A guttural, bone-shaking bellow echoed all the way down the mountain slopes as one of the two dragons—a colossal emerald-scaled beast with wings like tattered storm clouds—snapped upright. Its molten gold eyes narrowed at the insolent defilement near its nest. Prideful. Furious. Insulted.
Without hesitation, it launched into the sky, claws tearing grooves into the stone as it propelled upward with a thunderous beat of its wings. The wind howled. Pebbles and dust spiraled as it ascended, and then it turned—heading directly toward the Boar family barracks.
Carla was already scaling the cliffs opposite the entrance, fingers expertly finding jagged holds in the rocks as she hid herself between sharp stone ridges. She crouched low, cloak pressed tightly against her body, watching.

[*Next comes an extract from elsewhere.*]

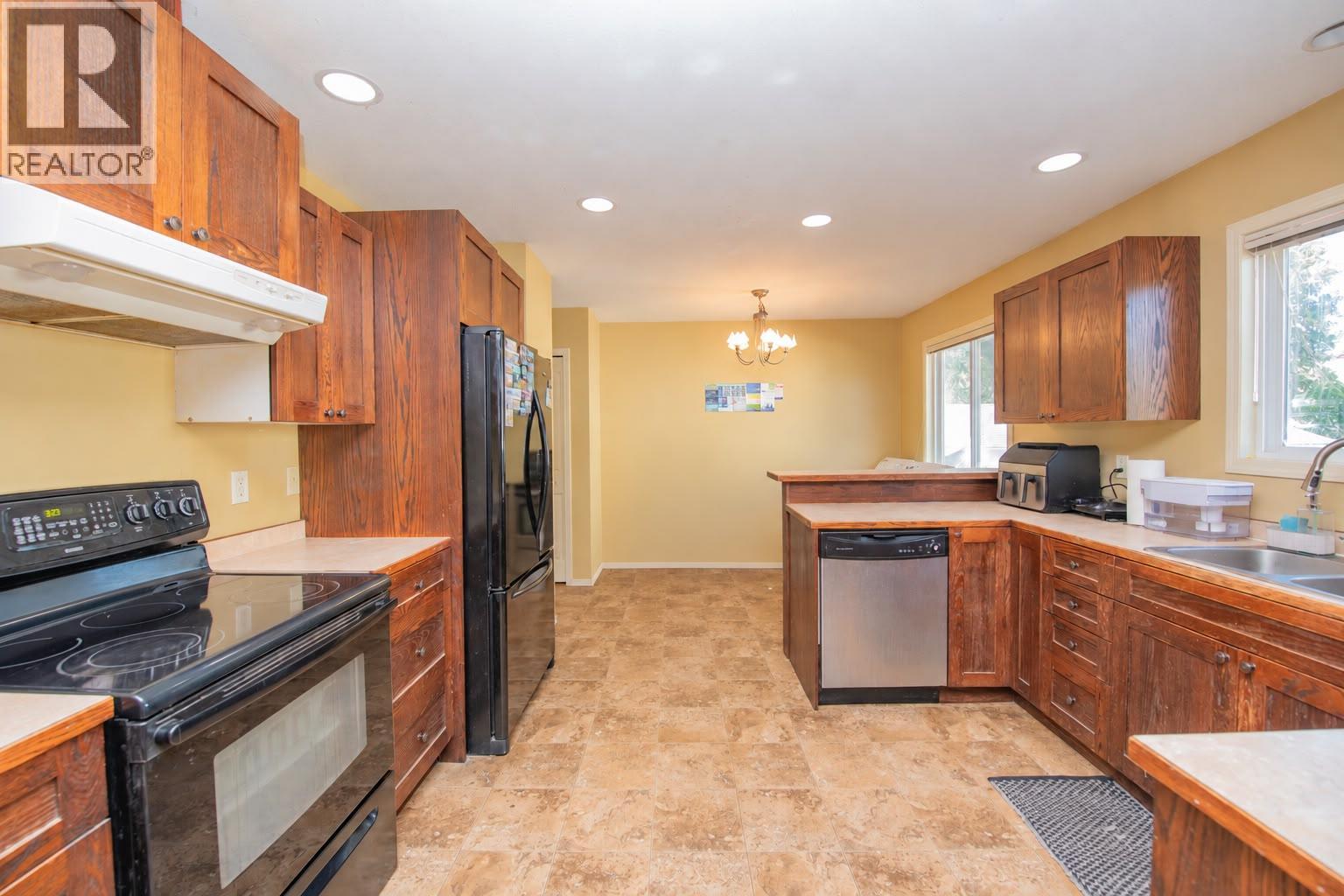 4301 16th Avenue, Vernon, British Columbia  V1t 6P3 - Photo 13 - 10401458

The barracks below exploded into chaos.
The moment the soldiers spotted the dragon’s silhouette blotting out the morning sun, horns blared, and alarm bells rang in rapid succession. Ballistae rotated with grinding iron, their massive arrowheads catching the light as they were fitted into place.
At the gate, the commander stepped out onto the stone platform, voice booming, “Why are you invading Boar territ—”
He never finished.
A torrent of bright-orange flames engulfed him mid-sentence.

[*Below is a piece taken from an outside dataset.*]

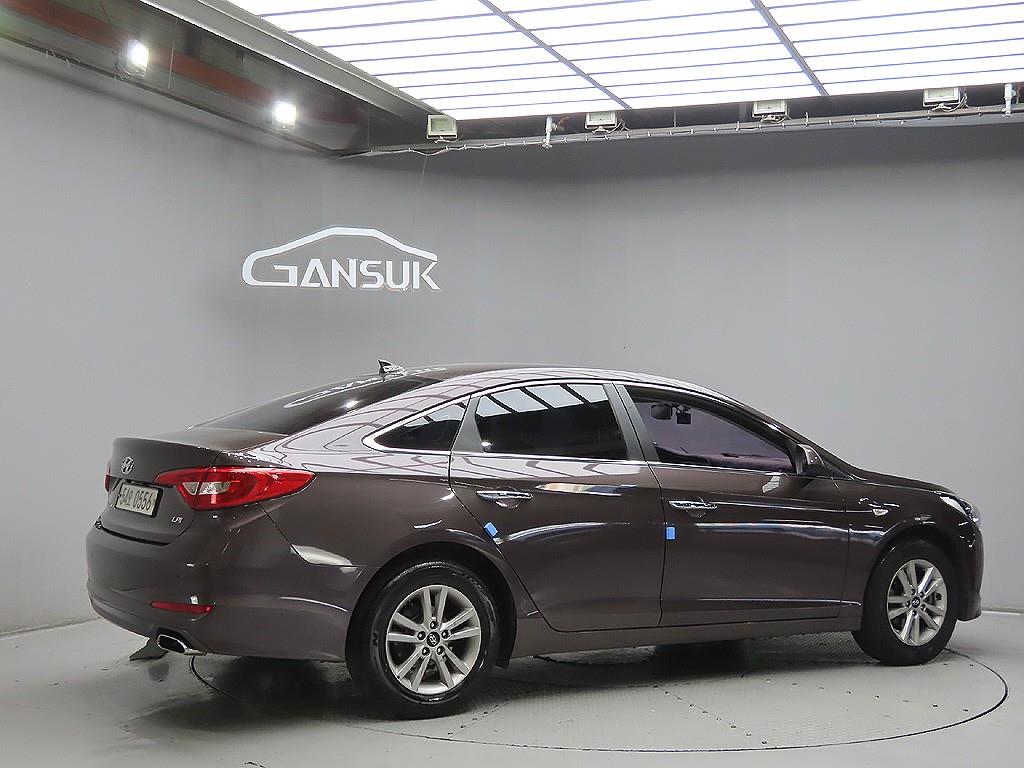 HYUNDAI Sonata - Vista 7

For one horrifying second, his armor glowed white-hot—then crumbled into ash. The wall blackened, stone hissing as molten embers dripped where he had stood.

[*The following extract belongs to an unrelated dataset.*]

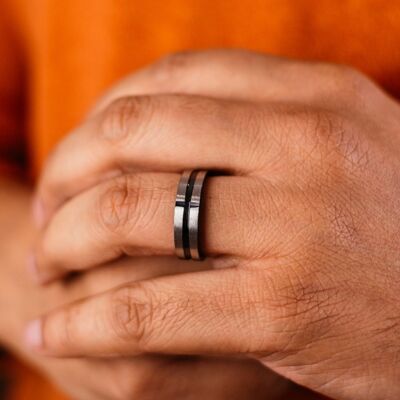 Bague de mariage unisexe en acier inoxydable 8 mm avec croix noire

The dragon hovered, wings beating with arrogance, clearly satisfied with its vengeance and ready to depart.
But the Boar soldiers reacted with fury.
“Loose!” someone roared.
A volley of ballista arrows rocketed into the sky. Some bounced off the dragon’s scales with dull clangs, but others pierced the thinner flesh at its wing joints and underbelly. The dragon roared in pain—a roar that rattled bones and sent flocks of distant birds scattering.
It twisted midair, fire roaring from its maw in wide arcs, setting watchtowers ablaze. But the damage was done.
It was now war.
A full-blown battle erupted between the pride of a dragon and the relentless discipline of the Boar armed forces.
High on the cliff, hidden in silence, Carla watched it unfold—every explosion, every plume of smoke, every flaming arrow streaking against the sky.
Her lips curled into a quiet smile.
Then, without wasting another heartbeat, she turned and sprinted toward the Dragon-guarded entrance.